How is this different from hiring a vendor for an AI project?

A vendor project produces a deliverable; this program produces a capability. The deliverables of a vendor project depend on the vendor to operate going forward. The deliverables of this program — platform, operating model, team, roadmap — are designed to operate without the vendor. We pair-build with your engineers, your operators, and your leadership, and we are explicitly not the long-term operators.

What does the foundation-model strategy include?

A defensible mix of hosted frontier models for high-capability use cases, open-weights models self-hosted for cost-sensitive or sovereignty-sensitive workloads, and fine-tuned domain models for the use cases where depth beats raw capability.
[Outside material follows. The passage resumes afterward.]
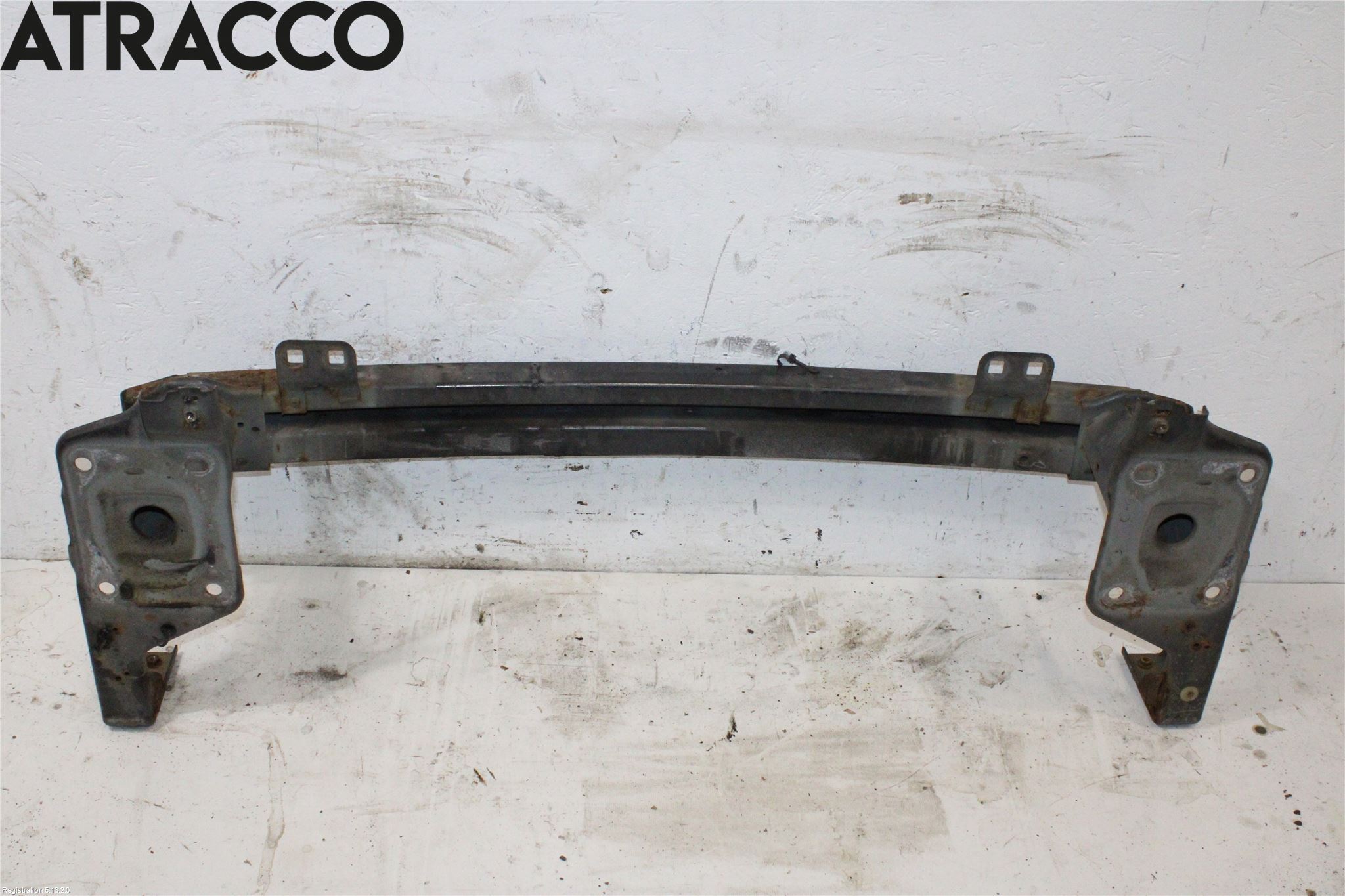 Ford MONDEO 15-22 Støtfanger Foran Bjelke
The model gateway makes the mix operationally swappable — a use case declares its requirements, and the gateway routes to the appropriate model. Single-vendor dependency is structurally avoided.

What does governance look like in this program?

Governance is a release-gate eval suite (capability, safety, refusal, regression sets) that every model and prompt change passes before promotion, plus a governance forum that reviews releases failing any gate, signs off on exceptions, and updates the eval suite when new failure modes surface. The accreditor-facing documentation generates from the same system. Eval and governance are the same conversation.

When is 90 days the wrong unit for this work?

When accreditation alone takes six months, when you are pre-cloud, or when your data foundation is not yet in a state where AI can do meaningful work. We say so in discovery and propose a foundation engagement first to address the prerequisite. The program works because the prerequisites are honest, not because we ignore them. Forcing 90 days against unmet prerequisites produces a capability nobody can use.